Youth group members collected donations of lip balm, hygiene products, snacks, crossword puzzle books and other items sought after by military personnel serving overseas.

"The kids said they wanted to do something for the men in the armed forces," said Mika Newberry, the youth group coordinator. She discussed the idea with a friend who works at Hill AFB. The friend contacted a master sergeant who is currently deployed, "and she said, ‘yeah, we’d love it, we’d love it, we’d love it.
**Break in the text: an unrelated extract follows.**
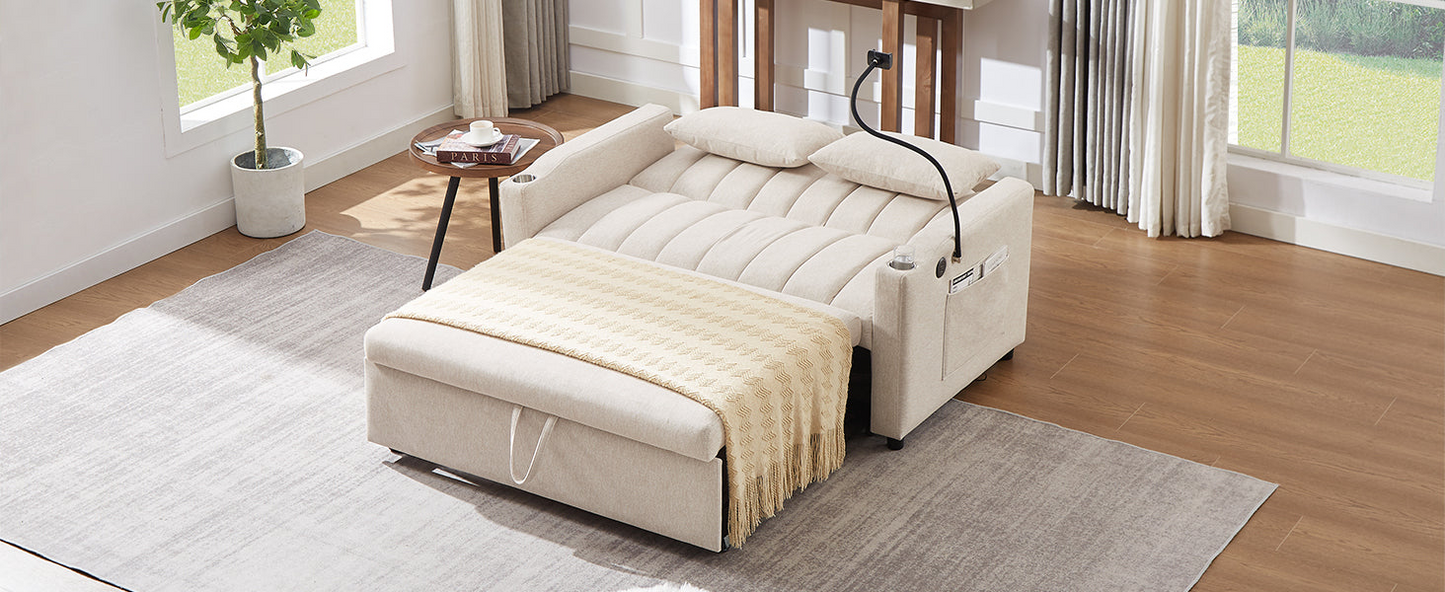 55.9" Convertible Sofa Bed Loveseat Sofa with Three USB Ports, Two Side Pockets, Two Cup Holders and 360°Swivel Phone Holder for Living Room, Beige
Do it, do it, do it!"

Newberry also consulted with a soldier who had just returned from overseas about what items would be most appreciated.

"They don’t get a whole lot of packages and stuff," said Ross Wille, chair of the Youth Council, about the 147 service members who will receive the collected items.

Many of the youth group members donated items, others came from parishioners, many of whom have family serving in the military, Wille said.

This was the first time the youth group conducted Operation Love Our Soldiers, but service projects are an integral part of the group’s activities, said Wille, who has been a member for four years. "The youth group is fun and stuff, but it’s also part of the community and making it a better place by helping the community."

"We’ve always been interested in helping with different projects; we’ve done many different things," agreed Austin Spell, who has been with the group about three years. "It’s fun to just get together and do stuff and help out other people in the process."

One of the group’s newest members is Isabelle Fernandez, who began attending about a year ago. "The best part is the people," she said. "They’re so welcoming. When I first came nobody knew me, but they were just so welcoming and so nice." Being active in the group "helps me pray more, and we do a lot of community work, and that helps me appreciate my faith," she added.

Fernandez and the other youth group members already are looking forward to the 24-hour food fast in the spring, a charity fundraiser during which they go without food for an entire day, and sleep on the parish lawn to understand the experience of homelessness.

"It’s actually not that bad the first couple of hours, but the next day you really want something to eat," Wille said.